There are two ways to search for CDRs, in terms of time reference:
- Recent CDRs. Near real-time or recent minutes.
- Older CDRs or specific time.
Once you have picked a time context there are two additional fields:
- Primary search string. This includes information you want to search for such as:
- ANI or DNIS. Enter the number like 8587542200. It is best to enter the number in the most generic format versus 18587542200 or +18587542200 unless you are only interested in a specific format. The search operates as a contains (or grep).
- A keyword. For example Timeout, Normal BYE, Origination CANCEL, Max Duration
- An IP address.
- A Trunk ID. This will be the VSXi numeric ID. The alias (not company name) can also be used in this search as it is part of the CDR spec.
- Other: This is an optional search field and will work as an AND with "Primary search string. This can be used if you are only interested in calls from an ANI and a DNIS. In that case the ANI can be entered in the Primary search string and the DNIS can be enter in Other.
Once you proceed with your search, if there is a match you will be presented with the following output.
CDR fields at a glance
This section does not cover all CDR fields but commonly used CDR fields for troubleshooting.
- Internal release cause. Provides an indicator of the success of the call. This is a summary of the possible internal release cause codes. This should not be confused with SIP/H.323 protocol disconnect codes.
- 001: Normal answered call.
- 002: No answer, tear down by origination.
- 003: No answer, tear down by termination.
- 004: No answer, tear down by VSXi.
- 4XX: Termination tear down.
- 5XX: Origination tear down.
- 6XX: System tear down.
- Protocol stack cause. This will include information as to whom released the call (origination, termination, internal) and the protocol release, 200, 503, 486, etc.
- Duration.
- Post dial delay. This will provide a hint if the problem you are having is dead air.
- Termination post dial delay.
- Ring time. This will serve as an indicator for alternate route issues (18X then 503).
- Media IP:port. Useful when needing to capture a media packet trace or to identify the media gateway being used.
- Route selection. Provides an index (e.g. 1,2,3) if there are multiple route choices available. If route selection is 1 then this call took the first option without alternate routing.
- Media packet stats. Packet count and MOS score will help in no audio, one way audio and bad quality call scenarios.
Common Release Causes
This guide provides information on release causes and provides pointers how to fix a given problem.

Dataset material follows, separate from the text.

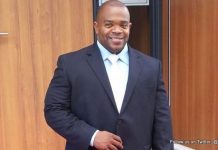 MP Emmanuel congratulates Maho Resort employees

504 INVITE Response Timeout
Termination Stack Cause = 504, INVITE Response Timeout
An INVITE Response Timeout is always related to the device on the termination leg (i.e. VSXi is trying to initiate a session with an INVITE). An INVITE response timeout will happen if the termination didn't provide any type of response to the VSXi's request: no 100 Trying, 18X, 200 OK or any other rejection code (3XX-6XX).
The VSXi timing will depend on the termination's SIP Profile. The default is 4 seconds (one second of wait after the initial INVITE, three total resends one second apart).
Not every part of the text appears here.